Quem compra uma sala comercial com infiltração, rachadura ou piso que solta pouco depois da entrega costuma esbarrar num argumento repetido pela construtora: como o imóvel tem destinação empresarial, o Código de Defesa do Consumidor não se aplicaria, restando ao comprador apenas o regime mais genérico do Código Civil. Essa resposta não é automática. O enquadramento depende de quem comprou, para que fim e com que grau de conhecimento técnico sobre o mercado da construção.
O destinatário final e o limite do artigo 2º do CDC
O artigo 2º do Código de Defesa do Consumidor define consumidor como toda pessoa física ou jurídica que adquire ou utiliza produto ou serviço como destinatário final. Em regra, a lei protege quem retira o bem do mercado sem reincorporá-lo à cadeia produtiva de outro negócio. Um profissional liberal ou uma pequena empresa que compra a sala para sediar a própria atividade tende a ser tratada como destinatária final, mesmo usando o imóvel para gerar renda, porque não está revendendo o próprio bem nem transformando-o em insumo de um produto alheio. Já a empresa que adquire várias unidades como investimento imobiliário habitual, ou que atua no próprio ramo da incorporação e da construção, enfrenta mais resistência para reivindicar essa proteção.

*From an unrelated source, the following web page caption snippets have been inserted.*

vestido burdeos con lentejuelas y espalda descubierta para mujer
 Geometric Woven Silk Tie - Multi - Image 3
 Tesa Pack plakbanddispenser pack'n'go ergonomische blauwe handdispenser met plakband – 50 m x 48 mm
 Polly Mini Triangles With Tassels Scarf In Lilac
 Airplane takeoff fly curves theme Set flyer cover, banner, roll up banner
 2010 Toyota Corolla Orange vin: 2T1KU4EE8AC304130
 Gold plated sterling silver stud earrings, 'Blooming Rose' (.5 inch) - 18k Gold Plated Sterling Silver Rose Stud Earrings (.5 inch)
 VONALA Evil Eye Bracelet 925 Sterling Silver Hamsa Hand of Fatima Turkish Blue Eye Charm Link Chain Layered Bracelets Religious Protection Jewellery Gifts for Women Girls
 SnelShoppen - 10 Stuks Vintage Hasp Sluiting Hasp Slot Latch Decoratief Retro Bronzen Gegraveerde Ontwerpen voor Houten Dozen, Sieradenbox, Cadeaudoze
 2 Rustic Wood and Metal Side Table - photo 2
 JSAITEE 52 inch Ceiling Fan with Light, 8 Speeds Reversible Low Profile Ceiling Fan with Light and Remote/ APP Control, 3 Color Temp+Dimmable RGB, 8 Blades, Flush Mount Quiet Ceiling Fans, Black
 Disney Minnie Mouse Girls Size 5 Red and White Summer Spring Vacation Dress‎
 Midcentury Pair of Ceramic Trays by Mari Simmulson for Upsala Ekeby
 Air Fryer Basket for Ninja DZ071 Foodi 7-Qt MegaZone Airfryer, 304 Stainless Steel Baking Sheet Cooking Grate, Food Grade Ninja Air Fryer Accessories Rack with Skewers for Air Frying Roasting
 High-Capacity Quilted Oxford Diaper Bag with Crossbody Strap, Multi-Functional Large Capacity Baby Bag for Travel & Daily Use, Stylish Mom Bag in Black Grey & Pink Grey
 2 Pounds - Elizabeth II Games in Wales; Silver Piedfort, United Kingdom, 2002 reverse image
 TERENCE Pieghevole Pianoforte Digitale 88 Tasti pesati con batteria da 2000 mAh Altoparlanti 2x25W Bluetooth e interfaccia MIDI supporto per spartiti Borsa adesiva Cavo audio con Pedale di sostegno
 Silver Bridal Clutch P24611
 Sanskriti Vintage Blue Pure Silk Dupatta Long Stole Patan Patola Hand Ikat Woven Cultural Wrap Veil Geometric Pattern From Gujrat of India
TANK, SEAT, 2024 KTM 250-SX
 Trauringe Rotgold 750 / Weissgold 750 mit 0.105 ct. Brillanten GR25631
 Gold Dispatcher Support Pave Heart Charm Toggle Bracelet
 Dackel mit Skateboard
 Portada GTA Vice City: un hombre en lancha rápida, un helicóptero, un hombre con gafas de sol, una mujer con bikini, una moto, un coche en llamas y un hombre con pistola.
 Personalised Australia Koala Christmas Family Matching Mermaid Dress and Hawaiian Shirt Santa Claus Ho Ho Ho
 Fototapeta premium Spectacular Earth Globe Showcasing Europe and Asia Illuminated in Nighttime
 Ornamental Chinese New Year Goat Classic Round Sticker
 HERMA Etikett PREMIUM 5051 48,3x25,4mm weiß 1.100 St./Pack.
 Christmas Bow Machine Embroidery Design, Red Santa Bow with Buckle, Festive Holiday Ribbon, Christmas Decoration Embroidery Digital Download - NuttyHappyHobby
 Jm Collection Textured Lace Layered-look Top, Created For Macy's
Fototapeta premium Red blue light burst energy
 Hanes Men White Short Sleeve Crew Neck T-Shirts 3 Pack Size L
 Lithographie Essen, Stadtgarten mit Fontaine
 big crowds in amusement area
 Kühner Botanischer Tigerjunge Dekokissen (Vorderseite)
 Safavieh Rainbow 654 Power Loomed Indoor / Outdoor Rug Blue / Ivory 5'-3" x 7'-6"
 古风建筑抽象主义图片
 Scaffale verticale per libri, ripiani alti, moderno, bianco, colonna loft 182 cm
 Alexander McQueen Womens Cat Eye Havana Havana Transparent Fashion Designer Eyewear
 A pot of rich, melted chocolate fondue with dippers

A teoria finalista mitigada e o ônus de provar a vulnerabilidade
Nos casos limítrofes, o Superior Tribunal de Justiça aplica a teoria finalista mitigada, segundo a qual o sistema protetivo do CDC pode alcançar quem, mesmo comprando o imóvel para desenvolver a própria atividade empresarial, comprova vulnerabilidade técnica ou fática diante da construtora. Cabe ao comprador demonstrar essa desigualdade, seja pelo porte reduzido da empresa, pela ausência de expertise em incorporação imobiliária, seja pela dependência econômica em relação ao fornecedor. Uma grande rede varejista com departamento jurídico próprio dificilmente convence o juiz dessa vulnerabilidade; um pequeno escritório que comprou a única sala do seu patrimônio tem argumento bem mais forte.
Fora do CDC, a garantia do Código Civil continua de pé
Mesmo quando o CDC não se aplica, o comprador não fica sem proteção. O art. 618 do Código Civil prevê garantia de cinco anos quanto à solidez e à segurança para a empreitada de materiais e execução. A diferença prática aparece no regime probatório e na extensão das responsabilidades. O acesso ao Juizado Especial, por sua vez, não depende da incidência do CDC, mas dos requisitos da Lei 9.099/1995, do valor e da complexidade da causa; perícia técnica incompatível com o rito pode tornar essa via inadequada.
O que pesa na hora de definir o enquadramento
O contrato de compra e venda costuma declarar a destinação do imóvel e ajuda a mostrar se a aquisição foi isolada ou parte de uma estratégia de investimento. O porte da empresa compradora, seu objeto social, o histórico de aquisições semelhantes e a existência de estrutura jurídica própria também entram na análise. Um laudo técnico que documente a origem do defeito continua indispensável nos dois cenários, porque tanto o CDC quanto o artigo 618 exigem prova de que o problema decorre da execução da obra, e não do uso do imóvel depois da entrega. Como a discussão sobre qual regime se aplica muda a estratégia processual desde a petição inicial, vale reunir esses documentos antes de decidir qual caminho seguir, com o apoio de um advogado que analise o caso e conduza a notificação e a eventual ação de forma digital, com envio de documentos e procuração eletrônica, sem necessidade de comparecimento presencial.
Perguntas frequentes
Uma empresa grande também pode invocar o CDC?
É possível, mas o ônus de provar a vulnerabilidade técnica ou fática é do comprador, e quanto maior o porte e a estrutura jurídica da empresa, maior a resistência dos tribunais em reconhecer essa condição.
Se o CDC não valer, eu perco a garantia de cinco anos?
Não. A garantia do artigo 618 do Código Civil independe de relação de consumo e protege qualquer dono da obra pelo prazo de cinco anos contado da entrega, ainda que o comprador seja uma empresa sem direito ao CDC.